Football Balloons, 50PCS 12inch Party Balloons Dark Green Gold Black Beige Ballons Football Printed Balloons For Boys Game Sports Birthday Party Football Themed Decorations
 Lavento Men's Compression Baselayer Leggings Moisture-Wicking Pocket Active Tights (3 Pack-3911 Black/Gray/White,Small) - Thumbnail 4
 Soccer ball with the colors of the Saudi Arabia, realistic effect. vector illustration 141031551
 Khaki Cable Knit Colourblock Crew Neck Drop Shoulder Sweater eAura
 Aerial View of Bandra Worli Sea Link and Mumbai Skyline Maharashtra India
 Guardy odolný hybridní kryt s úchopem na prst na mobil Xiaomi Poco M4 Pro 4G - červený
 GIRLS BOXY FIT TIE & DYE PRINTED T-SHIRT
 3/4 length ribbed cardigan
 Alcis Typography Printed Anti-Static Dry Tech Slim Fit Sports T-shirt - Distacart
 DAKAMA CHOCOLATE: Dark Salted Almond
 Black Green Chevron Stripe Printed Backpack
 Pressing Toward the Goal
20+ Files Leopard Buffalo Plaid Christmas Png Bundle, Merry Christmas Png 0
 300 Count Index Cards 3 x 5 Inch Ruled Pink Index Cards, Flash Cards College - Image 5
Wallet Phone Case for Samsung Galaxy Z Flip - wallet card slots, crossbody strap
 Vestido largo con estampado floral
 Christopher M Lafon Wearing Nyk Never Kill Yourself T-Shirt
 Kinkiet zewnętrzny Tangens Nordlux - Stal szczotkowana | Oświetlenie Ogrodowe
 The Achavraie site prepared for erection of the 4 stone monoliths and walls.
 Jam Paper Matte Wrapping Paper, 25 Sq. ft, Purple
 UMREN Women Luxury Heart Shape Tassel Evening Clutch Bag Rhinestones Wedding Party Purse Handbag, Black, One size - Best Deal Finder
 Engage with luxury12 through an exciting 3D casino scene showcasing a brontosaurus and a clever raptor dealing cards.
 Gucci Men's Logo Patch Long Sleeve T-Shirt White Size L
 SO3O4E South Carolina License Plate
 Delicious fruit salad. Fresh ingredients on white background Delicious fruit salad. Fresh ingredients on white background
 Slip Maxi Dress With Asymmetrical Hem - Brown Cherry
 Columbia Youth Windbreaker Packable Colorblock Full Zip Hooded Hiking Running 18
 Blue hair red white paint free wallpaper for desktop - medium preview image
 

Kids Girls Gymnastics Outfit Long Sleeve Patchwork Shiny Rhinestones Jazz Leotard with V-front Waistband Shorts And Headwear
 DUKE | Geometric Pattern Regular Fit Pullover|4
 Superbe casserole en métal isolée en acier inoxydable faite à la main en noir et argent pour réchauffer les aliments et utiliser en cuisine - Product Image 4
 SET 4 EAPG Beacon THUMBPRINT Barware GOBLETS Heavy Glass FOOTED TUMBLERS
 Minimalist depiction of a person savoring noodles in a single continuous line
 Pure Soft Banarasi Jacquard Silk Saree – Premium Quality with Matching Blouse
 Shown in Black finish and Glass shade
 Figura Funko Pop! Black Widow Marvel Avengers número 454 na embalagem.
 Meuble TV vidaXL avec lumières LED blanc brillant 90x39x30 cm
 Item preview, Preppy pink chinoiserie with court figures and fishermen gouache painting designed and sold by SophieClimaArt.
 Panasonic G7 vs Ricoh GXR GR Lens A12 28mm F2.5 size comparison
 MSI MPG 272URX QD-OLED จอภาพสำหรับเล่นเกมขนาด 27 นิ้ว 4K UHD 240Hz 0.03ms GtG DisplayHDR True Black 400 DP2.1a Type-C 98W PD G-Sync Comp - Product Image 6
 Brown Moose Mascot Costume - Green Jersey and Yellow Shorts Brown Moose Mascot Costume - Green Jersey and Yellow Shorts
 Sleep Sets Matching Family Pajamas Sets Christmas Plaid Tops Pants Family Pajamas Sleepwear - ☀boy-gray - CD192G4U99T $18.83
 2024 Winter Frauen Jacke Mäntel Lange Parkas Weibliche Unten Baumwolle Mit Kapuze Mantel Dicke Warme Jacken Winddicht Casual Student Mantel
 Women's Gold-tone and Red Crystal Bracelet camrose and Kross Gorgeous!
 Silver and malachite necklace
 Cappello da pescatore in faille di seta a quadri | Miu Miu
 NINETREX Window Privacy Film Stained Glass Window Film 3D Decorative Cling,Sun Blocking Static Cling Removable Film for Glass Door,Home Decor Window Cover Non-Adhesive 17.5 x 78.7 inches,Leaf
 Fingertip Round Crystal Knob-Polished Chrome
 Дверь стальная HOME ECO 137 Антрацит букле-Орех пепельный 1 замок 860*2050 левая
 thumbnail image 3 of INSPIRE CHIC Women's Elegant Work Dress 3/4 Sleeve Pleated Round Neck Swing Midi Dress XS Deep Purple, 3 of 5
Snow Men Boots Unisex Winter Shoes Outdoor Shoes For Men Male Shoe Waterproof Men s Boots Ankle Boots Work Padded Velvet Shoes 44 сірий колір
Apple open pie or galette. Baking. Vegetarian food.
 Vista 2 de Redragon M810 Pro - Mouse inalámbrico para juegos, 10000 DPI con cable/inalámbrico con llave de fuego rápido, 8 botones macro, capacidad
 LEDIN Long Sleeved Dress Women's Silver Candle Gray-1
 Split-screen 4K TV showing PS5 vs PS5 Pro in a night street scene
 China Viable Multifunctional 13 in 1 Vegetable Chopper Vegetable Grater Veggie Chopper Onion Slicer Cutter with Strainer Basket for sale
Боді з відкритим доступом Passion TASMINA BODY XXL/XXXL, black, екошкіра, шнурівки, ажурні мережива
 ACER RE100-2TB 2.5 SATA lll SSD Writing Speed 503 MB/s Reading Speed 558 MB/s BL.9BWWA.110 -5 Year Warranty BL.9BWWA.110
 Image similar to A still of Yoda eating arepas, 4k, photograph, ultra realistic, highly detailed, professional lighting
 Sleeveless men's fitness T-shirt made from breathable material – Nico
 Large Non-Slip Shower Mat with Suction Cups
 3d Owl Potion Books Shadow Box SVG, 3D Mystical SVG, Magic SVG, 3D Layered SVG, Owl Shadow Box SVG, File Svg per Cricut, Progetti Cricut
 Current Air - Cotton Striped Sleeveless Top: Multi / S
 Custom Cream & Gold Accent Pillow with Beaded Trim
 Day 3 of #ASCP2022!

- - - -

- [Task directions]: Retype all the records above without changing a word.

- [Solution to the exercise]:
Football Balloons, 50PCS 12inch Party Balloons Dark Green Gold Black Beige Ballons Football Printed Balloons For Boys Game Sports Birthday Party Football Themed Decorations
 Lavento Men's Compression Baselayer Leggings Moisture-Wicking Pocket Active Tights (3 Pack-3911 Black/Gray/White,Small) - Thumbnail 4
 Soccer ball with the colors of the Saudi Arabia, realistic effect. vector illustration 141031551
 Khaki Cable Knit Colourblock Crew Neck Drop Shoulder Sweater eAura
 Aerial View of Bandra Worli Sea Link and Mumbai Skyline Maharashtra India
 Guardy odolný hybridní kryt s úchopem na prst na mobil Xiaomi Poco M4 Pro 4G - červený
 GIRLS BOXY FIT TIE & DYE PRINTED T-SHIRT
 3/4 length ribbed cardigan
 Alcis Typography Printed Anti-Static Dry Tech Slim Fit Sports T-shirt - Distacart
 DAKAMA CHOCOLATE: Dark Salted Almond
 Black Green Chevron Stripe Printed Backpack
 Pressing Toward the Goal
20+ Files Leopard Buffalo Plaid Christmas Png Bundle, Merry Christmas Png 0
 300 Count Index Cards 3 x 5 Inch Ruled Pink Index Cards, Flash Cards College - Image 5
Wallet Phone Case for Samsung Galaxy Z Flip - wallet card slots, crossbody strap
 Vestido largo con estampado floral
 Christopher M Lafon Wearing Nyk Never Kill Yourself T-Shirt
 Kinkiet zewnętrzny Tangens Nordlux - Stal szczotkowana | Oświetlenie Ogrodowe
 The Achavraie site prepared for erection of the 4 stone monoliths and walls.
 Jam Paper Matte Wrapping Paper, 25 Sq. ft, Purple
 UMREN Women Luxury Heart Shape Tassel Evening Clutch Bag Rhinestones Wedding Party Purse Handbag, Black, One size - Best Deal Finder
 Engage with luxury12 through an exciting 3D casino scene showcasing a brontosaurus and a clever raptor dealing cards.
 Gucci Men's Logo Patch Long Sleeve T-Shirt White Size L
 SO3O4E South Carolina License Plate
 Delicious fruit salad. Fresh ingredients on white background Delicious fruit salad. Fresh ingredients on white background
 Slip Maxi Dress With Asymmetrical Hem - Brown Cherry
 Columbia Youth Windbreaker Packable Colorblock Full Zip Hooded Hiking Running 18
 Blue hair red white paint free wallpaper for desktop - medium preview image
 

Kids Girls Gymnastics Outfit Long Sleeve Patchwork Shiny Rhinestones Jazz Leotard with V-front Waistband Shorts And Headwear
 DUKE | Geometric Pattern Regular Fit Pullover|4
 Superbe casserole en métal isolée en acier inoxydable faite à la main en noir et argent pour réchauffer les aliments et utiliser en cuisine - Product Image 4
 SET 4 EAPG Beacon THUMBPRINT Barware GOBLETS Heavy Glass FOOTED TUMBLERS
 Minimalist depiction of a person savoring noodles in a single continuous line
 Pure Soft Banarasi Jacquard Silk Saree – Premium Quality with Matching Blouse
 Shown in Black finish and Glass shade
 Figura Funko Pop! Black Widow Marvel Avengers número 454 na embalagem.
 Meuble TV vidaXL avec lumières LED blanc brillant 90x39x30 cm
 Item preview, Preppy pink chinoiserie with court figures and fishermen gouache painting designed and sold by SophieClimaArt.
 Panasonic G7 vs Ricoh GXR GR Lens A12 28mm F2.5 size comparison
 MSI MPG 272URX QD-OLED จอภาพสำหรับเล่นเกมขนาด 27 นิ้ว 4K UHD 240Hz 0.03ms GtG DisplayHDR True Black 400 DP2.1a Type-C 98W PD G-Sync Comp - Product Image 6
 Brown Moose Mascot Costume - Green Jersey and Yellow Shorts Brown Moose Mascot Costume - Green Jersey and Yellow Shorts
 Sleep Sets Matching Family Pajamas Sets Christmas Plaid Tops Pants Family Pajamas Sleepwear - ☀boy-gray - CD192G4U99T $18.83
 2024 Winter Frauen Jacke Mäntel Lange Parkas Weibliche Unten Baumwolle Mit Kapuze Mantel Dicke Warme Jacken Winddicht Casual Student Mantel
 Women's Gold-tone and Red Crystal Bracelet camrose and Kross Gorgeous!
 Silver and malachite necklace
 Cappello da pescatore in faille di seta a quadri | Miu Miu
 NINETREX Window Privacy Film Stained Glass Window Film 3D Decorative Cling,Sun Blocking Static Cling Removable Film for Glass Door,Home Decor Window Cover Non-Adhesive 17.5 x 78.7 inches,Leaf
 Fingertip Round Crystal Knob-Polished Chrome
 Дверь стальная HOME ECO 137 Антрацит букле-Орех пепельный 1 замок 860*2050 левая
 thumbnail image 3 of INSPIRE CHIC Women's Elegant Work Dress 3/4 Sleeve Pleated Round Neck Swing Midi Dress XS Deep Purple, 3 of 5
Snow Men Boots Unisex Winter Shoes Outdoor Shoes For Men Male Shoe Waterproof Men s Boots Ankle Boots Work Padded Velvet Shoes 44 сірий колір
Apple open pie or galette. Baking. Vegetarian food.
 Vista 2 de Redragon M810 Pro - Mouse inalámbrico para juegos, 10000 DPI con cable/inalámbrico con llave de fuego rápido, 8 botones macro, capacidad
 LEDIN Long Sleeved Dress Women's Silver Candle Gray-1
 Split-screen 4K TV showing PS5 vs PS5 Pro in a night street scene
 China Viable Multifunctional 13 in 1 Vegetable Chopper Vegetable Grater Veggie Chopper Onion Slicer Cutter with Strainer Basket for sale
Боді з відкритим доступом Passion TASMINA BODY XXL/XXXL, black, екошкіра, шнурівки, ажурні мережива
 ACER RE100-2TB 2.5 SATA lll SSD Writing Speed 503 MB/s Reading Speed 558 MB/s BL.9BWWA.110 -5 Year Warranty BL.9BWWA.110
 Image similar to A still of Yoda eating arepas, 4k, photograph, ultra realistic, highly detailed, professional lighting
 Sleeveless men's fitness T-shirt made from breathable material – Nico
 Large Non-Slip Shower Mat with Suction Cups
 3d Owl Potion Books Shadow Box SVG, 3D Mystical SVG, Magic SVG, 3D Layered SVG, Owl Shadow Box SVG, File Svg per Cricut, Progetti Cricut
 Current Air - Cotton Striped Sleeveless Top: Multi / S
 Custom Cream & Gold Accent Pillow with Beaded Trim
 Day 3 of #ASCP2022!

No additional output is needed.